I did die again due to brazen stupidity. I tried to find a heal potion in inventory, but that took more skill than I could muster in the short amount of time I was still alive.

I upgraded my quiver as well from a 6 slot to an 8 slot. Tailors can make backpacks, so I will be on the lookout for maybe getting another pack or two. Buying and selling the quiver taught me to put the pack into inventory first, then try and sell it. I think I accidentally had to buy back the quiver I wanted when I right-clicked it (to open it) and sold it instead.

So, only minor difficulties so far with the interface, mainly due to pilot error.

Saturday, November 19, 2005

Xenosaga - Der Wille zur Macht

Having used my Playstation 2 for little more than a DVD player since I got it several years ago, I decided that since a Game Stop store opened in the neighborhood, that I join the legions of unwashed middle-school boys that clog up the place every time I walk by.

I strolled in with Michael once or twice. He grokked immediately that games were sold here, but it took some convincing that some were xBox and some were PS2 and you couldn't choose both at once. This is understandable since he's only 4.

I picked up Risk and Xenosaga. Risk is an electronic version of the board game. Xenosaga had a cool anime style chick on front and the subtitle Der Wille zur Macht. My rusty german gave me the impression that this sentence fragment meant something like "the will to do" or "the will to mightiness" or something like that.

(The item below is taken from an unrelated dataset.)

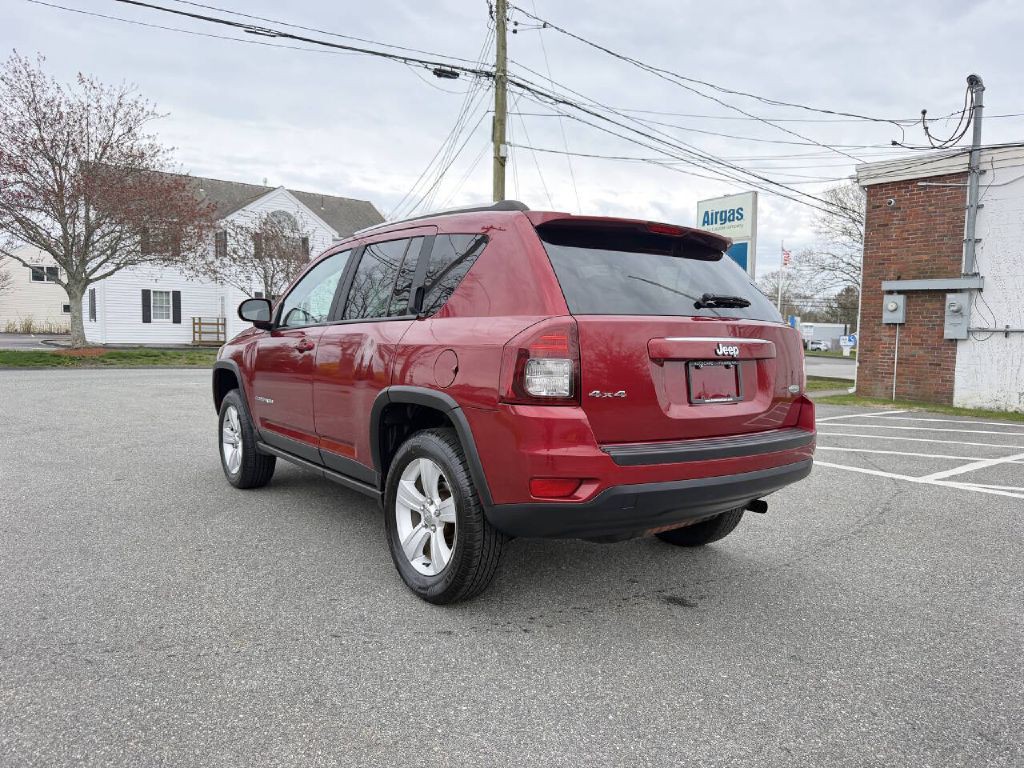 2014 Jeep Compass Image 8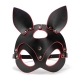 Černá kožená maska kočka - červený lem, druky a opasek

It sounded good, so I bought it. Both were used, so they didn't break the bank. In fact, the majority of the games in this store are used PS2 games, which is great - they buy them back as well as sell them.

So, Xenosaga follows the format that seems to be common on PS2. You get a long movie that introduces the plot. You play for a while in either quest/explore mode, with combat interspersed whenever you careen into a bad guy, and then more quest, treasure enjoyment, and vignettes that move the plot along.

The opening scene was quite reminiscent of Raiders of the Lost Ark. The plot is wonderfully close to most manga. You just go along with it, and it makes sense. However, if I tried to explain it by using actual words, it would sound lame. But, it's not! Really. I had fun. I did the tutorial, beat up on some bad guys, and then started the game.

Problem. I don't have a memory card. I will need one, since in this game you level, and I don't want to start over any more often than I have to. So, I will be back to the closet-sized game store in the Rubio's shopping center to get a memory card for my PS2.

Any other game suggestions, send them my way. If you know of any games for little kids that don't suck too bad (4-5 years old) then let me know. Michael loves Grand Turismo and Crash Bandicoot.

Friday, November 18, 2005

Everquest DoN Cultural Armor Day 1

Mission to... Crushbone! Yes, crushbone. I had to kill legionaires, oracles, collect some grody orc-contaminated drops, and then turn them back in to the Tradeskill Quest Giver in Greater Faydark. I got a book on Wood Elven culture in return. Did I not look cultured enough? Well, if you've ever met Trueflight, you know the answer to that. Besides being light reading, the book gives some clues on making the rest of the background supplies for the quest.

The cultural armor is completed in four stages. There is an augmentation symbol that goes along with each armor stage as well. The armor is high AC and low HP, so the augment provides a bit of balance in this regard.

So. It turns out there is a dark blue to 68 mob in Crushbone now. I found this out the hard way, after being hit repeatedly for 930 points of damage. The lesson for the day? Don't kill the messenger. Orc Messenger, that is. Imagine my surprise when I whacked away without considering my ugly orcish opponent, and got killed on the table in the throne room! Killed! Me! DEAD

I met a really nice person who was factioning in crushbone (59 ranger) and we had a great time goofing off.

The mission or quest log seems exactly like World of Warcraft where it keeps track of your tasks and the stage of completion. I like this addition very much. You can share tasks, too - this made the "kill a bunch of legos" fun because the other person's kills counted towards my to-do list.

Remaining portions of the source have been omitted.